NASA is Ready to Study the Heart of Mars
NASA is about to go on a journey to study the center of Mars.
The space agency held a news conference recently at its Jet Propulsion Laboratory in Pasadena, California, detailing the next mission to the Red Planet.
InSight — short for Interior Exploration using Seismic Investigations, Geodesy and Heat Transport — is a stationary lander scheduled to launch as early as May 5. It will be the first mission ever dedicated to Mars’ deep interior, and the first NASA mission since the Apollo moon landings to place a seismometer on the soil of another planet.
For JPL’s Bruce Banerdt, it’s also a labor of love. Banerdt, InSight’s principal investigator, has worked for more than 25 years to make the mission a reality.
“In some ways InSight is like a scientific time machine that will bring back information about the earliest stages of Mars’ formation four-and-a-half billion years ago,” Banerdt said. “It will help us learn how rocky bodies form, including Earth, its moon and even planets in other solar systems.”
Scientists hope that by detecting marsquakes and other phenomena inside the planet, InSight can better understand how Mars formed. InSight carries a suite of sensitive instruments to gather these data; unlike a rover mission, they require a spacecraft that sits still and carefully places its instruments on the Martian surface.
NASA isn’t the only agency excited about the mission. Several European partners contributed instruments, or instrument components, for the InSight mission. For example, France’s Centre National d’Études Spatiales (CNES) led a multinational team that built an ultra-sensitive seismometer for detecting marsquakes. The German Aerospace Center (DLR) developed a thermal probe that can bury itself up to 16 feet (5 meters) underground and measure heat flowing from inside the planet.
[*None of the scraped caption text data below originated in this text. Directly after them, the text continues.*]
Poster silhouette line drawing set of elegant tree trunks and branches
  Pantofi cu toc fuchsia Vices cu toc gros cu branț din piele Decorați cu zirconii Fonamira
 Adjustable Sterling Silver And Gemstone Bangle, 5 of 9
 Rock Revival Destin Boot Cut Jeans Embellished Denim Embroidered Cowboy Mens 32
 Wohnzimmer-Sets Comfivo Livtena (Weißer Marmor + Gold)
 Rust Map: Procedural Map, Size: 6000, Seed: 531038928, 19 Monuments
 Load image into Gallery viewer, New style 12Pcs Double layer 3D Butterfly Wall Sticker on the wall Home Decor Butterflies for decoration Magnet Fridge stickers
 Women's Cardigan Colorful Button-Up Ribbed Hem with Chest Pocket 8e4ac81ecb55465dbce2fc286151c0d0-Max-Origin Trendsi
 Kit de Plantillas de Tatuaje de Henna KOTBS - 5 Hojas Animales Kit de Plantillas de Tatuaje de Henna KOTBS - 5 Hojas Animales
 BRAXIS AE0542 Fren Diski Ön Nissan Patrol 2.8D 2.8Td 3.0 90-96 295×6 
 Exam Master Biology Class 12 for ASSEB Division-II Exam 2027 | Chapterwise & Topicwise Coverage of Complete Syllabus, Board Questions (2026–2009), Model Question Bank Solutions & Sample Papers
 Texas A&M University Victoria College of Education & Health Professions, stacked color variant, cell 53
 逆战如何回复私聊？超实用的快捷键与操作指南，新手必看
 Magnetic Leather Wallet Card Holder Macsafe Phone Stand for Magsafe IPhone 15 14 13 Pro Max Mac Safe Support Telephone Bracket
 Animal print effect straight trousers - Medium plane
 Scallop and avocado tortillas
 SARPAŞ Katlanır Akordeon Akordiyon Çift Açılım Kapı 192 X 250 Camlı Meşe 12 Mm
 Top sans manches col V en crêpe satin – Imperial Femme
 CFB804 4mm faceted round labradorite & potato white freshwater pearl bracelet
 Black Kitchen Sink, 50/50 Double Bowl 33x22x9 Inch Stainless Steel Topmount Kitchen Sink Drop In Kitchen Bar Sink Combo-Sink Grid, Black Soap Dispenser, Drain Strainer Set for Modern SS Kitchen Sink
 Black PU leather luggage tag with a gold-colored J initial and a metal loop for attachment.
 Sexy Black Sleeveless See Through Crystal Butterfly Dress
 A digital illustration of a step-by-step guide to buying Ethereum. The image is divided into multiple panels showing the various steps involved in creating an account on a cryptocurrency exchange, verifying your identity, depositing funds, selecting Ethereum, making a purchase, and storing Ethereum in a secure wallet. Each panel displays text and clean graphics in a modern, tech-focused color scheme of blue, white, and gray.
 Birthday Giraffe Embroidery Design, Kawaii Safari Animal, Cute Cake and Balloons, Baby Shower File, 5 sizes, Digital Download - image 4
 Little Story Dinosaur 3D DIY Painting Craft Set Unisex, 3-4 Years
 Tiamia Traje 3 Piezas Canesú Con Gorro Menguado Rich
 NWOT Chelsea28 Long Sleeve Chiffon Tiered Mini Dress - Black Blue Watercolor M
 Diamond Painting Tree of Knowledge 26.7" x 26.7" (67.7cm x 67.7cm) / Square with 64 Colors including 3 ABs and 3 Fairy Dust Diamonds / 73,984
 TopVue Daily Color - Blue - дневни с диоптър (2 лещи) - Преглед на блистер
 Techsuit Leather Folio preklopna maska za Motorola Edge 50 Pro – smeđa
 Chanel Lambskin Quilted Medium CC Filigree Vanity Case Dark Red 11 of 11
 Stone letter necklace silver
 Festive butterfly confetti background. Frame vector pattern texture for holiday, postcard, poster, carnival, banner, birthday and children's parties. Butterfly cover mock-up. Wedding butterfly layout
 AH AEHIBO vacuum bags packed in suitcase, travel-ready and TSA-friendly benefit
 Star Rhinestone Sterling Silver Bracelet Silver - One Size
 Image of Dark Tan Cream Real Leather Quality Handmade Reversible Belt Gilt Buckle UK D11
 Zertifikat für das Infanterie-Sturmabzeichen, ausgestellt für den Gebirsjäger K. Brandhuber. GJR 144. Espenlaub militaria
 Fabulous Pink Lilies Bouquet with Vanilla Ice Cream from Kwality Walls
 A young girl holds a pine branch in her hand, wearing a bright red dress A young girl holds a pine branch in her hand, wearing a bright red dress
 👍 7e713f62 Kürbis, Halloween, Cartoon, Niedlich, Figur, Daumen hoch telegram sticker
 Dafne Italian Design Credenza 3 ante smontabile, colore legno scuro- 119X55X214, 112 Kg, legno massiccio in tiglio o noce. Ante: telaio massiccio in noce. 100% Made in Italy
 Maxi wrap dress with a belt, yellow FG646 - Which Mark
“InSight is a truly international space mission,” said Project Manager Tom Hoffman of JPL. “Our partners have delivered incredibly capable instruments that will make it possible to gather unique science after we land.”
Looking deep into Mars will let scientists understand how different its crust, mantle and core are from their counterparts on Earth. In a sense, Mars is the exoplanet next door: a nearby example of how gas, dust and heat combine and arrange themselves into a planet.
InSight is currently at Vandenberg Air Force Base in California undergoing final preparation before launch. On Wednesday, it completed what’s known as a spin test: the entire spacecraft is rotated at high speeds to confirm its center of gravity.
That’s critical for its entry, descent and landing on Mars in November, Hoffman said. In the next month, the spacecraft will be mounted to its rocket, connections between them will be checked, and the launch team will go through a final training.
“This next month will be exciting,” Banerdt said. “We’ve got some final work to do, but we’re almost ready to go to Mars.”